Nel corso degli ultimi anni sono emersi prodotti commerciali nell’ambito dei tool per la sicurezza del software. I più significativi sono senza dubbio i tool di analisi del codice sorgente statico, strumenti che sono frutto dell’evoluzione di un paio di progetti di ricerca compiuti a fine anni Novanta e che ora costituiscono un’offerta matura di prodotti commerciali. Le più importanti aziende per questi tipi di prodotto sono Coverity, Fortify e Ounce Labs. I tool di analisi del codice statico esaminano il codice sorgente per rilevare i più comuni difetti di sicurezza. La maggior parte dei tool può essere estesa per verificare la conformità alle policy di sicurezza aziendali.
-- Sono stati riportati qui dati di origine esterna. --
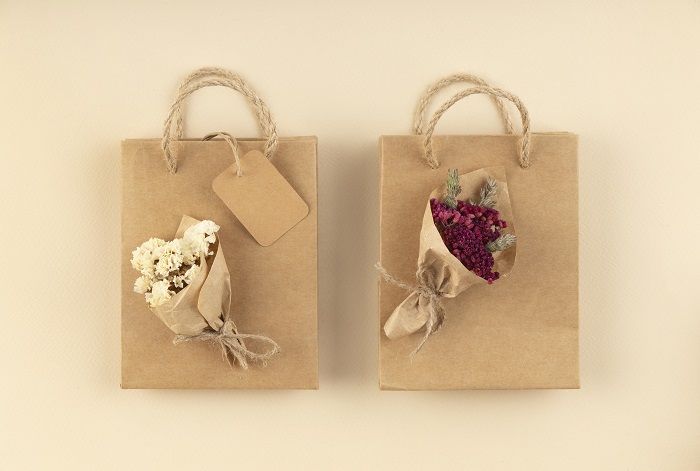 kraft paper gift bags 6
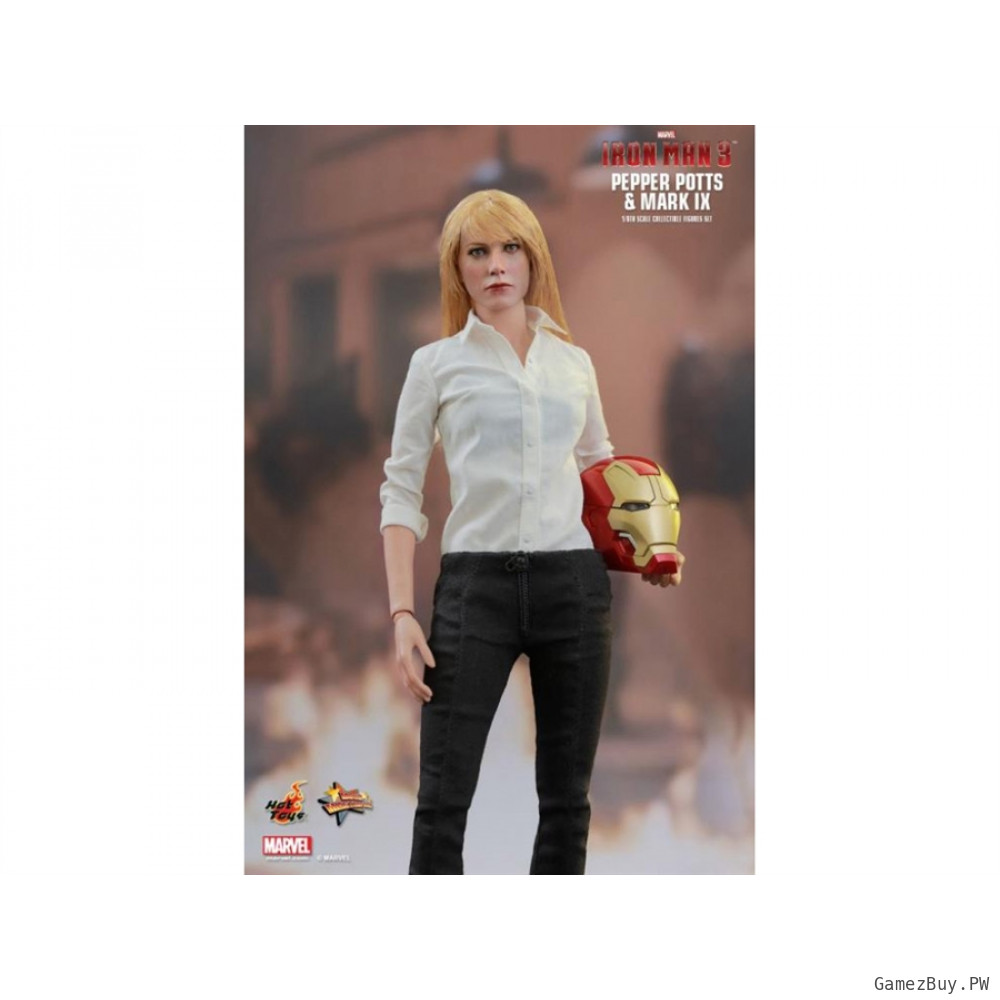 Фигурка из фильма Железный Человек 3 - Пеппер Поттс и Марк IX (Pepper Potts & Mark IX)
Se usati nel modo appropriato, e integrati nel processo di sviluppo del codice, questi strumenti possono apportare un grande beneficio ai team di sviluppo e possono aiutare a prevenire alcuni dei più comuni errori.
Queste tre cose — processi consolidati, conoscenza di base e tool di sicurezza – possono essere di grande vantaggio per gli sviluppatori che devono garantire la produzione di software a prova di sicurezza. Quest’ultima, a ogni modo, è un bersaglio in continuo movimento ed è quindi importante mantenersi costantemente aggiornati sulle nuove tipologie di attacco, sulle vulnerabilità e sulle tecnologie correlate.